■ HOW TO COMPLETE THIS TASK: Of the records that follow, copy only the lines from the line containing "JARIT 250-216 Smith" to the line containing "Certified 2023 Chevrolet", both included, exactly as written.

■ EXERCISE MATERIAL:
※ ※ ※
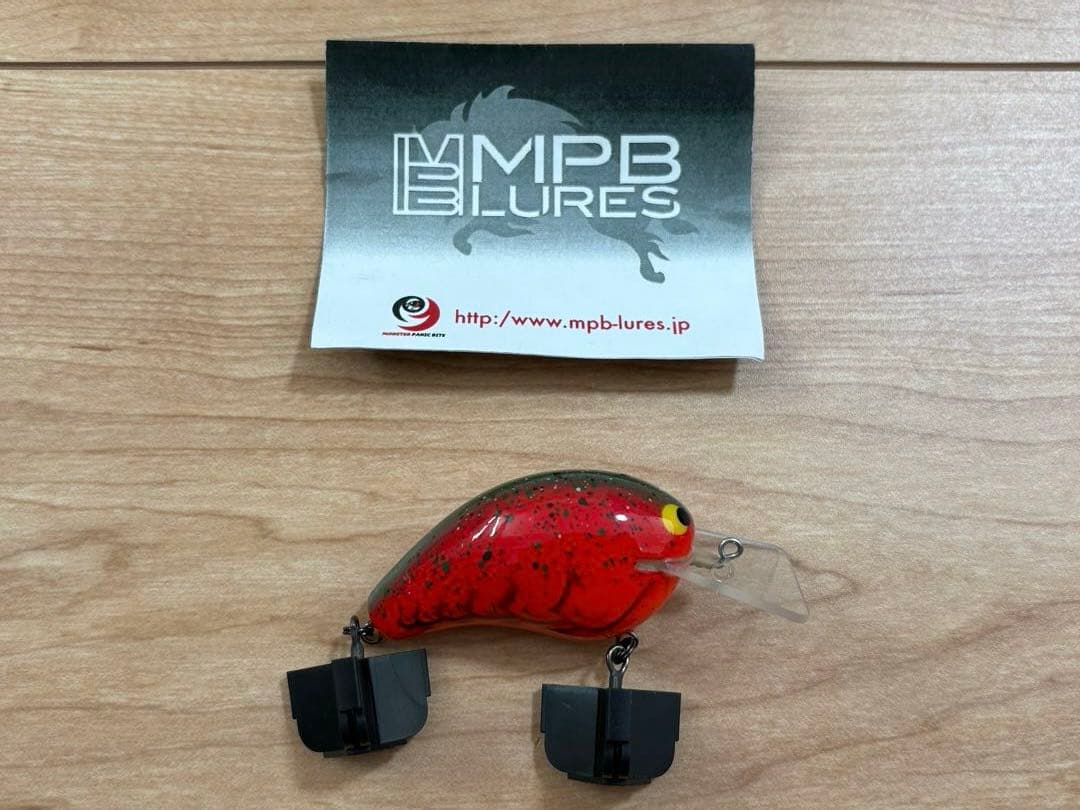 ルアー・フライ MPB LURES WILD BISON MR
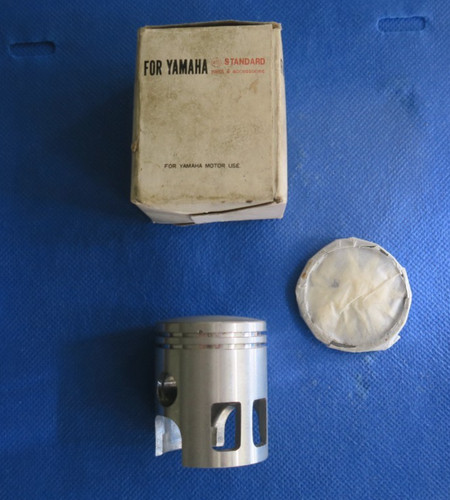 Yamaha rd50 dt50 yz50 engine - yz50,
※ ※ ※
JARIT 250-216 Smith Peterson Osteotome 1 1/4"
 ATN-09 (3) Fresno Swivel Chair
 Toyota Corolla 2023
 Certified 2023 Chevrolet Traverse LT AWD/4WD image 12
※ ※ ※
■ WRITTEN REPLY:
JARIT 250-216 Smith Peterson Osteotome 1 1/4"
 ATN-09 (3) Fresno Swivel Chair
 Toyota Corolla 2023
 Certified 2023 Chevrolet Traverse LT AWD/4WD image 12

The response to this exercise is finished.